Assistant Clay County Attorney Matthew Greenley asked Perrault why she led investigators to Tracy Zornes on March 4 - the day after she, Keezer and Lisa Zornes had met him at Roy Lake and provided him with a change of clothes, a phone and food.
"Because they kept showing up at my house, searching my house, telling me that I would be going to jail with him, and the fact that he was cold and I didn't think he could go on like that," Perrault said.
Perrault said the first time she brought supplies to Zornes - including a pair of pink long underwear - they stopped at a church to change clothes and she asked him what happened with the fire.
"He said he went to pick up Megan and they were partying and it was getting loud, some dude was on the phone, and he went outside to the car and listened to the radio. When he woke up, it was obvious it was too late to do anything so he left," Perrault said, saying she assumed he meant the fire had already started.

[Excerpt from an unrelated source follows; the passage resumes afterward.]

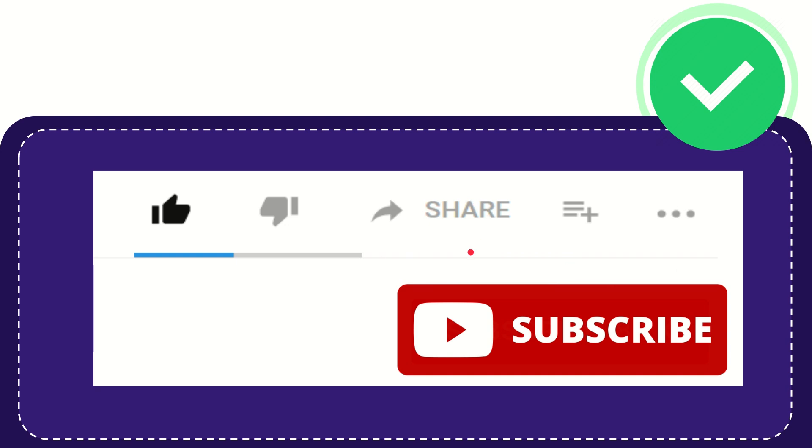Thank you so much for watching this video. See you again in another video, bye bye.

A BCA agent said authorities got a tip March 3 that Zornes had been at the home of Melanie Malmo at Roy Lake, Minn.
Malmo said he looked cold, dirty and "full of soot" when he showed up at her door. Zornes took a shower and had a bowl of soup at the house, according to testimony Thursday.
Malmo said she left the house worried and called police to tell them Zornes was at the house.
When she returned, the officers were there but Zornes was gone.
In defense questioning, Malmo said she was aware of the $1,000 reward for information leading to Zornes' arrest - but didn't get it - and she thought the smell of smoke on Zornes was "just the campfire."